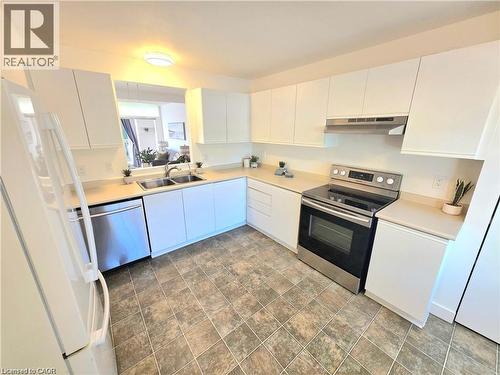 26 Poplar Drive Unit# 5, Cambridge, ON - Indoor Photo Showing Kitchen With Double Sink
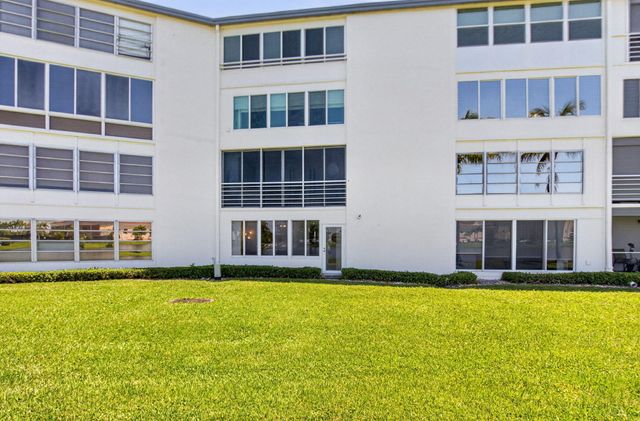 1027 Yarmouth Drive B, Boca Raton, FL 33434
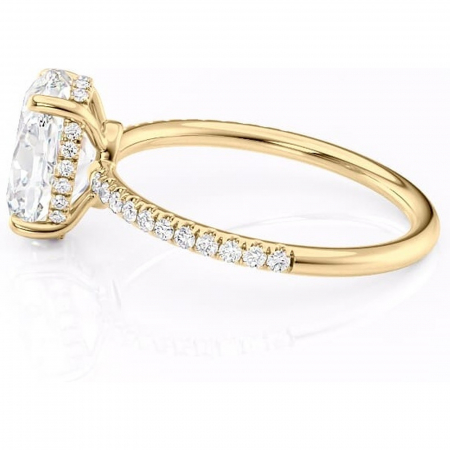 Inel de logodnă Brielle din aur Galben 14kt cu moissanite tăietură ovală – Montură Kamellie joasă rafinată pentru profil jos | Personalizează și configurează gratuit online [5]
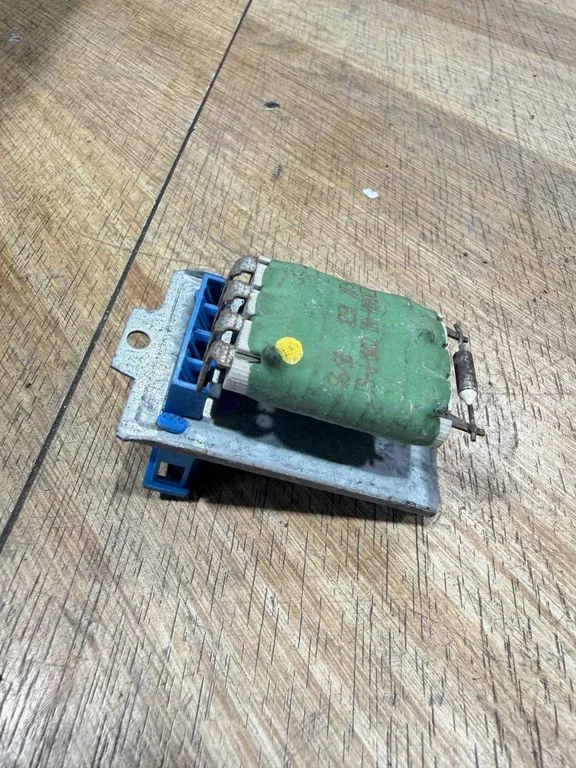 Heater blower motor/fan resistor – Ford Galaxy (2000-2006)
■ ■ ■ ■ ■ ■ ■
• [Aim of the exercise] From the line containing "1027 Yarmouth Drive B, Boca Raton, FL 33434" down to the end of the listing above, every line is to be returned exactly, though the pictures are not.

• [Answer below]
 1027 Yarmouth Drive B, Boca Raton, FL 33434
 Inel de logodnă Brielle din aur Galben 14kt cu moissanite tăietură ovală – Montură Kamellie joasă rafinată pentru profil jos | Personalizează și configurează gratuit online [5]
 Heater blower motor/fan resistor – Ford Galaxy (2000-2006)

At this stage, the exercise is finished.